Una casa no se limita a servir de techo. Cualquiera que salga a pasear una tarde de lluvia puede experimentarlo por sí mismo: puede protegerse bajo un alero, en el interior de un portal, al amparo de un toldo, pero no por eso tendrá una casa. La casa no es sólo un refugio, no se limita a defendernos de los vendavales, del granizo y de las amistades demasiado vehementes, ni a servirnos de hueco de árbol en que alimentar a media docenas de crías que boquean. Adquirir una casa supone, de algún modo confuso, hacerse con una parcela de mañana que necesita que se la riegue y abone, igual que el arriate de un jardín. Con la entrada, los plazos y la hipoteca compramos el insomnio durante el que nos vemos caminando por las habitaciones vacías, estudiamos el color de los azulejos del baño, la posición de cada volumen en la estantería que no se sabe aún si acabará emplazada en el comedor o la salita. Compramos los infinitos paseos frente a las tiendas de muebles, las dudas ante el estampado de las cortinas que decoran los salones de nuestros amigos, las sumas, restas, multiplicaciones y guarismos que trazamos en un papel apartado, en cuanto nuestra mano derecha se encuentra inactiva y tiene un bolígrafo cerca con el que conspirar y hacer cálculos. Desde el mismo momento en que firmamos el primero de los documentos que nos la confía, comenzamos a construir además de la casa el resto de vida que nos va a tocar compartir con ella: porque será ella la que facilite o prohíba el crecimiento de los hijos, los viajes veraniegos, el coche que debe conducirnos a la oficina. Los jóvenes que en Andalucía y el resto del país se entristecen ante la perspectiva de no poder adquirir su primera vivienda no lo hacen porque no tengan techo en que cubrirse del aguacero una noche de lluvia: lo hacen porque con ese conjunto de habitaciones les roban también las semillas de que son depositarias.
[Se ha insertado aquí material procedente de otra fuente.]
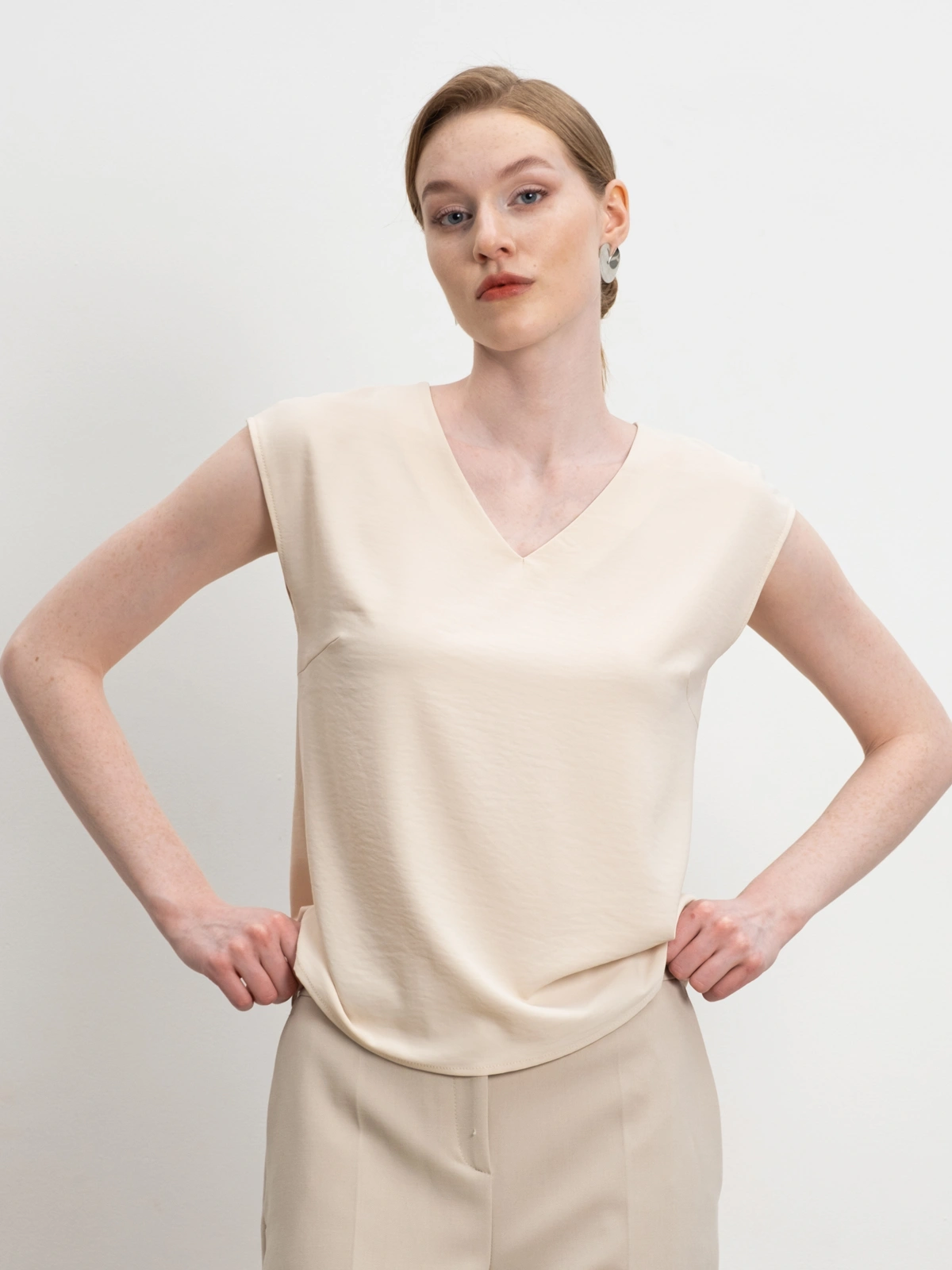 Бежевый топ с вырезом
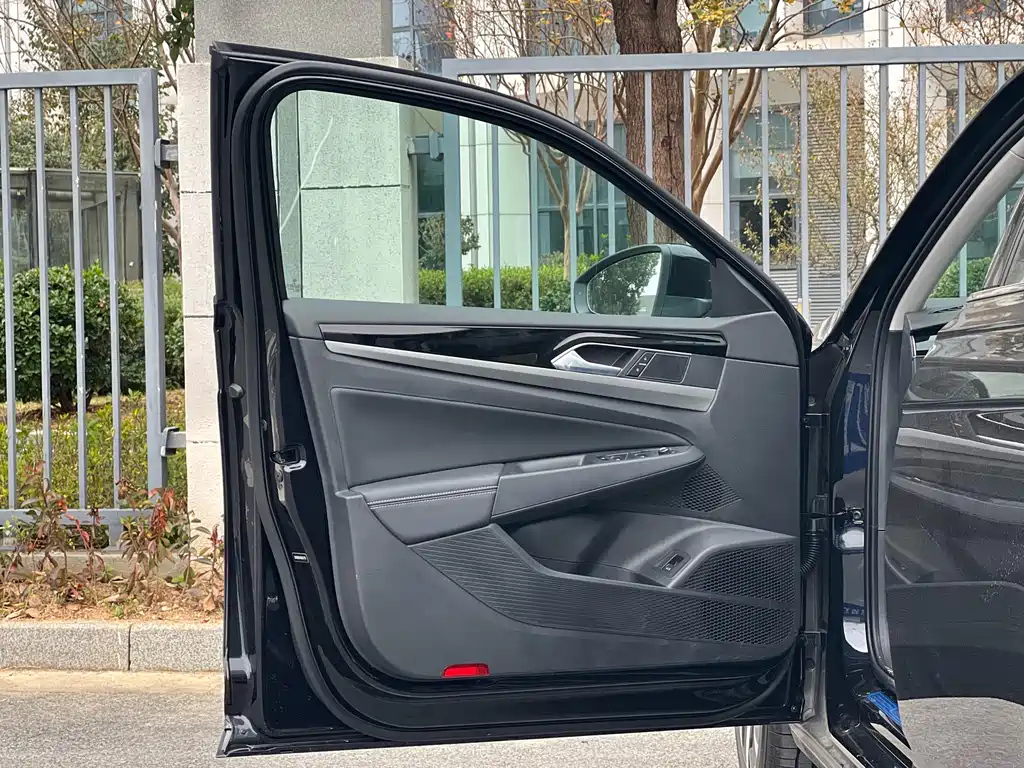 VOLKSWAGEN PASSAT 2025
Sólo con recordar el colegio en que nos llenamos las rodillas de postillas o el cuarto compartido con el hermano pequeño en que estrenamos el amor y a Edgar Allan Poe, advertiremos que los edificios no consisten en ladrillos y revoque. Los acontecimientos que transcurren en ellos, las decepciones y los triunfos, la esperanza, el miedo, se adhieren a las paredes y las empapan, como la capa de aceite que conquista un papel y lo vuelve una lámina gris y pegajosa. Cada una de las estancias contiene un capítulo de la vida de su dueño, y a veces basta con cruzar el vano para remontarse hasta un rostro lejano, o unas palabras que creíamos abandonadas en las zanjas del olvido. Pienso ahora en ese enigmático relato de Cortázar en que una pareja de hermanos se ven obligados a desalojar su casa porque un ente sin nombre va invadiendo pacíficamente sus salas, una a una: con un gesto melancólico que vale por una declaración de pésame, los hermanos arrojan la llave en la última página y se despiden del lugar en que crecieron. Siempre me he preguntado por qué aquella turbia metáfora de algo que no podía nombrar me inquietaba tanto, y tal vez ahora pueda reconocerlo: porque lo que perdían aquellas criaturas de Cortázar no era la casa, no era sólo su casa, sino el sonido de los corazones que había quedado grabado en ella, una voz en cada una de las habitaciones.